Difference between revisions of "1996 AHSME Problems/Problem 25"

Latest revision as of 17:51, 22 October 2023

Problem

Given that $x^2 + y^2 = 14x + 6y + 6$ , what is the largest possible value that $3x + 4y$ can have?

$\text{(A)}\ 72\qquad\text{(B)}\ 73\qquad\text{(C)}\ 74\qquad\text{(D)}\ 75\qquad\text{(E)}\ 76$

Solution 1

Complete the square to get $(x-7)^2 + (y-3)^2 = 64.$ Applying Cauchy-Schwarz directly, $64\cdot25=(3^2+4^2)((x-7)^2 + (y-3)^2) \ge (3(x-7)+4(y-3))^2.$ $40 \ge 3x+4y-33$ $3x+4y \le 73.$ Thus our answer is $\boxed{(B)}$ .

Solution 2 (Geometric)

The first equation is a circle, so we find its center and radius by completing the square: $x^2 - 14x + y^2 - 6y = 6$ , so $(x-7)^2 + (y-3)^2 = (x^2- 14x + 49) + (y^2 - 6y + 9) = 6 + 49 + 9 = 64.$

So we have a circle centered at $(7,3)$ with radius $8$ , and we want to find the max of $3x + 4y$ .

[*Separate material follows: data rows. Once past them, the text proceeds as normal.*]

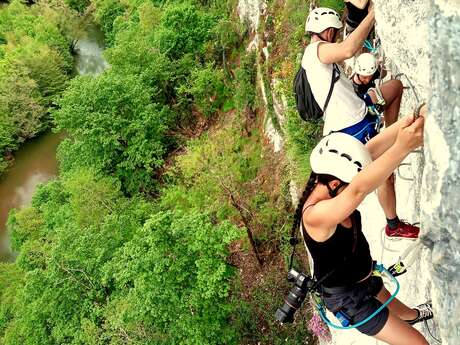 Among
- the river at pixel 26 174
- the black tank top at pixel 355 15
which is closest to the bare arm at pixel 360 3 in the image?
the black tank top at pixel 355 15

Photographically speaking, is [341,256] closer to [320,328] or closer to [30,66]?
[320,328]

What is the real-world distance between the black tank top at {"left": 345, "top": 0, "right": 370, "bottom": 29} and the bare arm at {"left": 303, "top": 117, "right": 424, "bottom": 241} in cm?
318

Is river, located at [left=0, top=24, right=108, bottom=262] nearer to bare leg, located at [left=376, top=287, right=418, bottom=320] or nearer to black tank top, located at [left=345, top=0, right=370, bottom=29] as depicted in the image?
black tank top, located at [left=345, top=0, right=370, bottom=29]

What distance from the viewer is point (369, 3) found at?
5883mm

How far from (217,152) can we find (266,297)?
680cm

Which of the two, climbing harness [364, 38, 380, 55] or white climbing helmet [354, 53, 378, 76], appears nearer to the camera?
white climbing helmet [354, 53, 378, 76]

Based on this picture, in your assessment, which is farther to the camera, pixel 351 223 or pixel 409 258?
pixel 409 258

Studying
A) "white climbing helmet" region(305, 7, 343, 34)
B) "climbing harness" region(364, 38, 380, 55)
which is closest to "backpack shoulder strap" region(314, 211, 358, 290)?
"white climbing helmet" region(305, 7, 343, 34)

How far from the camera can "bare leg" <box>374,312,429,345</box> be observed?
4.23 m

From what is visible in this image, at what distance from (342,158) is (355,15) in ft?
10.7

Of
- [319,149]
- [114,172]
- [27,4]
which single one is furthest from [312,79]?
[27,4]

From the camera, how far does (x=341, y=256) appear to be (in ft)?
12.4

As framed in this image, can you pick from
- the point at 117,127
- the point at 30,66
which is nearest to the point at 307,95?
the point at 117,127

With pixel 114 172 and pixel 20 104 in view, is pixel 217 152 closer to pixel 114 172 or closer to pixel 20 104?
pixel 114 172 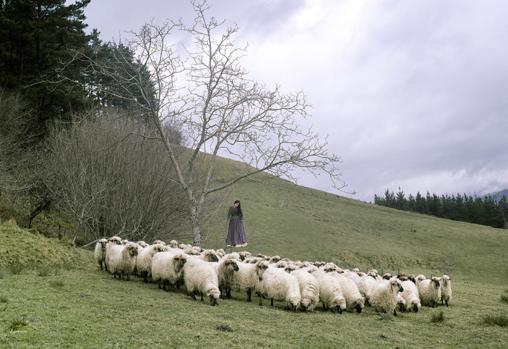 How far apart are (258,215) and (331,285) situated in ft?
109

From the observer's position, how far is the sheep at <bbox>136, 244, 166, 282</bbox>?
15008mm

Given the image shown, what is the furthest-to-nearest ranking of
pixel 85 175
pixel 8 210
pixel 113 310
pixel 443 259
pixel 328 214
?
1. pixel 328 214
2. pixel 443 259
3. pixel 8 210
4. pixel 85 175
5. pixel 113 310

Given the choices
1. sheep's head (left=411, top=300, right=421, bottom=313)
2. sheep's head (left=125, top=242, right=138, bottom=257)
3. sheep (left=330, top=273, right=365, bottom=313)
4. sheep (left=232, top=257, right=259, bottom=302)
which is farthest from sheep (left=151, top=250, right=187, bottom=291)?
sheep's head (left=411, top=300, right=421, bottom=313)

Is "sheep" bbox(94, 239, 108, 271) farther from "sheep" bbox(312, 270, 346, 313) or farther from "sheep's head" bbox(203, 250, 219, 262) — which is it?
"sheep" bbox(312, 270, 346, 313)

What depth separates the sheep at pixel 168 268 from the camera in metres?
13.6

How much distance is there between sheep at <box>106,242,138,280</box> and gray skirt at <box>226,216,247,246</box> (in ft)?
32.0

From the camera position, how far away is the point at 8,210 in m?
25.2

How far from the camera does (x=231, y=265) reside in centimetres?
1373

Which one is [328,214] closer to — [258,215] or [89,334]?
[258,215]

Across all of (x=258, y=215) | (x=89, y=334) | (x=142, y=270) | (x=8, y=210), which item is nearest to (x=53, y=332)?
(x=89, y=334)

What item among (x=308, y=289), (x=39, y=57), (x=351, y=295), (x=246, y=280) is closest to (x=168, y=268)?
(x=246, y=280)

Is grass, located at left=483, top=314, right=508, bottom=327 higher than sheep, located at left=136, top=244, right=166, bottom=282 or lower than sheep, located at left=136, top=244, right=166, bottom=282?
lower

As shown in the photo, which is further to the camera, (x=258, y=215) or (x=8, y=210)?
(x=258, y=215)

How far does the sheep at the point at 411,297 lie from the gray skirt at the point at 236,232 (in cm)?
1088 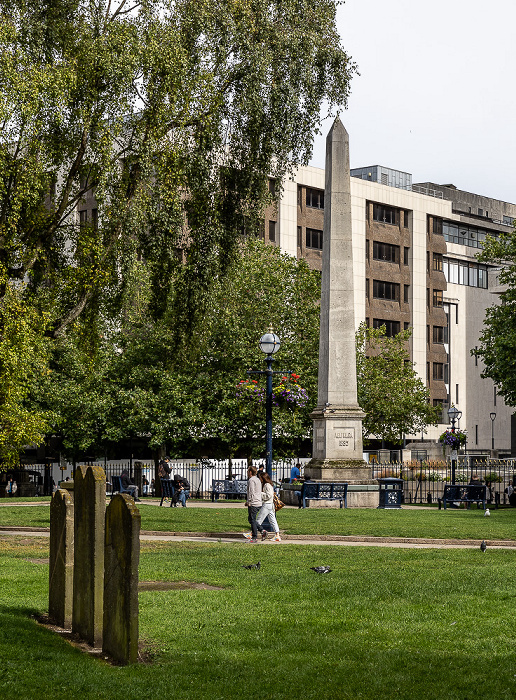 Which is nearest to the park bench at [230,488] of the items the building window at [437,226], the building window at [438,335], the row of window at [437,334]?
the row of window at [437,334]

The set of lines $3x + 4y = A$ are all parallel, with slope $-\frac{3}{4}$ . Increasing $A$ shifts the lines up and/or to the right.

We want to shift this line up high enough that it's tangent to the circle, but not so high that it misses the circle altogether. This means $3x + 4y = A$ will be tangent to the circle.

Imagine that this line hits the circle at point $(a,b)$ . The slope of the radius connecting the center of the circle, $(7,3)$ , to tangent point $(a,b)$ will be $\frac{4}{3}$ , since the radius is perpendicular to the tangent line.

So we have a point, $(7,3)$ , and a slope of $\frac{4}{3}$ that represents the slope of the radius to the tangent point. Let's start at the point $(7,3)$ . If we go $4k$ units up and $3k$ units right from $(7,3)$ , we would arrive at a point that's $5k$ units away. But in reality we want $5k = 8$ to reach the tangent point, since the radius of the circle is $8$ .

Thus, $k = \frac{8}{5}$ , and we want to travel $4\cdot \frac{8}{5}$ up and $3\cdot \frac{8}{5}$ over from the point $(7,3)$ to reach our maximum. This means the maximum value of $3x + 4y$ occurs at $\left(7 +3\cdot \frac{8}{5}, 3 + 4\cdot \frac{8}{5}\right)$ , which is $\left(\frac{59}{5}, \frac{47}{5}\right).$

Plug in those values for $x$ and $y$ , and you get the maximum value of $3x + 4y = 3\cdot\frac{59}{5} + 4\cdot\frac{47}{5} = \boxed{73}$ , which is option $\boxed{(B)}$ .

Solution 2B

Let the tangent point be $P$ , and the tangent line's x-intercept be $Q$ . Consider the horizontal line starting from center of circle (O) meeting the tangent line at K. Now triangle $OPK$ is 3-4-5, $OP=8$ , so $OK = \frac{5}{3}*8 = \frac{40}{3}$ . Note that the horizontal distance from $O$ to the origin is $7$ , and the horizontal distance from K to Q is 4, ( $\frac{4}{3}$ of its y coordinate), so the x-intercept is $7+4+OK = 73/3$ . The value of $3x+4y$ is 73 at point $Q$ . Note that this value is constant on the tangent line, so there is no need to calculate the coordinate of $P$ . $\boxed{(B)}$ .

Solution 3

Let $z = 3x + 4y$ . Solving for $y$ , we get $y = (z - 3x)/4$ . Substituting into the given equation, we get $x^2 + \left( \frac{z - 3x}{4} \right)^2 = 14x + 6 \cdot \frac{z - 3x}{4} + 6,$ which simplifies to $25x^2 - (6z + 152)x + (z^2 - 24z - 96) = 0.$

This quadratic equation has real roots in $x$ if and only if its discriminant is nonnegative, so $(6z + 152)^2 - 4 \cdot 25 \cdot (z^2 - 24z - 96) \ge 0,$ which simplifies to $-64z^2 + 4224z + 32704 \ge 0,$ which can be factored as $-64(z + 7)(z - 73) \ge 0.$ The largest value of $z$ that satisfies this inequality is $\boxed{73}$ , which is $\boxed{(B)}$ .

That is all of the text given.